Dünya ticaretinin yönlendirici kurum ve kuruluşlarının yanında önemli aktörleri genelde büyük ekonomiler olmaktadır. Dünyanın en büyük ve özel pazarlarından biri olan ABD, dünyanın en büyük ithalatçısı konumundadır. Yine Amerikan menşeli sermaye, dünyadaki en büyük doğrudan yatırımcılarının başında gelmektedir. Diğer taraftan, dünyanın üretim merkezi konumuna gelen Çin ekonomisi, Çin devletinin yeni hedefler peşinde koşmasının da arkasındaki güçtür. Birleşik Devletler tüm dünyada üretilen yurt içi hasılanın yaklaşık % 26’sını tek başına sağlamaktadır.

Bu oran Çin için % 17 dolayındadır ama burada kritik olan Çin’e ilişkin verilerin her sene artarak artma eğiliminde olmasıdır (1). Sonuç olarak bu iki ekonominin küresel ekonomi çıktısının % 43’ünü tek başlarına sağlayacak ve kontrol edecek düzeydedir. Çin’in toplam ihracatının % 14.7’si ABD’ye yapılmaktadır (2). ABD’nin toplam ithalatı içinde Çin’in önlenemez yükselişine ABD’nin aynı şekilde cevap verememesi, ABD içinde hem hükümet kanadında hem de sanayi kesiminde ciddi eleştirilerin oluşmasına neden olmuştur. ABD’nin Çin’e getirdiği % 30’ların üzerindeki ek tarifelerin asıl nedeni buradaki ABD aleyhine olan gelişmelerdir. Tabi “karşılıklılık” prensibi gereği Çin hükümetinin benzer bir uygulamayı hayata geçirmesi bir anda iki büyük ekonominin karşılıklı restleşmesini ve ABD tarafında gümrük tarifelerinin neredeyse % 100 e yakın bir artışın gelebileceği sinyali işleri daha da içinden çıkılmaz hale getirmektedir.

Yukarıda çok kısa özetlenen gelişmeler, neredeyse en büyük küreselleşme akımının gerçekleştiği 1970’lerden bu tarafa serbest ticaretin karşılaştığı en büyük değişim sinyalini vermektedir.

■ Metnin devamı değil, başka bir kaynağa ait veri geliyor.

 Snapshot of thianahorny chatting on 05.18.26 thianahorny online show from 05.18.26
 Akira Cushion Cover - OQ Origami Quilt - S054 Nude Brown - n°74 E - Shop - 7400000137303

İki ülke arasındaki ticaret hacminin 600 milyar dolar civarında gerçekleşeceği düşünülen 2025 verileri dikkate alındığında ABD’nin Çin’e karşı dış ticaretindeki açık 300 milyar dolar dolayındadır ve artma eğilimindedir (3). Bu durum Trump yönetimi için acil müdahil olunması gereken bir uyarı olarak değerlendirilmektedir. Özellikle Çin menşeli teknoloji firmalarının imalatlarının dünya pazarlarındaki performansı bu açığın kapanma değil, hatta büyüme eğilimli olduğunun da bir diğer göstergesidir.

UNCTAD verilerine göre, 2024’te diğer gelişmekte olan ekonomiler mallarını büyük ölçüde ABD’ye (1,8 trilyon $) ve Çin’e (1,3 trilyon $) ihraç etmiştir. Yani, gelişmekte olan ülkelerin küresel tedarik zincirlerinde de partnerleri yine bu iki ülkeden biri olarak görülmektedir. Bu gerilimin devam etmesi halinde iki ülke arasındaki ticaretin % 80 seviyesinde azalması büyük sürpriz olarak görülmemelidir. Dolayısıyla iki ülkenin ticaret savaşları aslında jeopolitik konumlarının rekabeti, küresel piyasalarda ciddi kayıpların kapısını sonuna kadar açacak güce sahiptir. Dünya Ticaret Örgütü (WTO), böyle bir senaryoda küresel ticaretin ortalama yıllık % 7 daralma ile sonuçlanacağını öngörmektedir.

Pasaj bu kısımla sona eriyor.